Tuesday, August 21, 2007

Beautiful Inlaw

Not to be confused with the "Beautiful Outlaw," the "Beautiful Inlaw" is a restriction under which a writer may only compose using the letters already found in a given source text–i.e., a person’s name. The fewer letters in the source text, the more maddening the compositional process.

The poem below was written using only letters from the name of the musician Polly Jean Harvey.

"Her Harp"

Hey raven hen,
Love-leery pen,
Pallor on nape,
Roar, never rape,

Eve, revere hell,
Heaven: non-real,
Prayer: holy ploy,
Jeer every ‘he,’

Prove venal nerve,
Prey on a perv,
Preen on a nave,
Have Johnny pay,

Yelp on a prop,
Yearn on a lap,
Pearl-heavy hole,
Reap lovely joy.

Tuesday, August 7, 2007

Larding: "Creekside Elegy"

Further larding below; this passage was inspired by the lyrics to the song "Railroad Murder Blues," by little-known indie rockers the Jailors U.K.

Creekside Elegy

The moonlight glazed the dirt road like a cake. He knelt by the water's edge, his face buried in her torn robe.

The moonlight glazed the dirt road like a cake. It was the same dirt road that his truck tires had rumbled over that morning as he drove to collect on her debt. Midnight hung in the sharp autumn air, a silent verdict echoing across the countryside. He could still hear the cadences of her voice at sunup, pleading as he grabbed her shoulders and shook her frail body. A blot of smoke rose from the ruined trailer nestled in the stand of pines at the road's end, the negative image of dawn's promise and tranquility. At the start of the day she had stood in the door, clad in a threadbare pink robe, sipping the dregs from her coffee cup.
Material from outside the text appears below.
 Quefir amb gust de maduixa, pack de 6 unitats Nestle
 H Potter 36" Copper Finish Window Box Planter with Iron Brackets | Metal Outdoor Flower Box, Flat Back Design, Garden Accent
A lump had risen in her throat as she heard his wheels coming up her driveway. It had only taken one match, and now there was nothing left but ash. He had obtained his revenge, extracted the price she had to pay for her unfaithfulness. Nothing left but the vanishingly fine grains of an incinerated dream. First her livelihood, then her life. A trail of sooty footprints led from the trailer's lot to the creek that ran beside the road. She had struggled until the end, her cries of anguish proportionate to the joy and generosity she had shown the world. The prints were the void he left in his wake, the bottomless aftermath of the evening's hateful passion. Now all that was left of their former happiness was a scrap of pink cloth. He knelt by the water's edge, his face buried in her torn robe.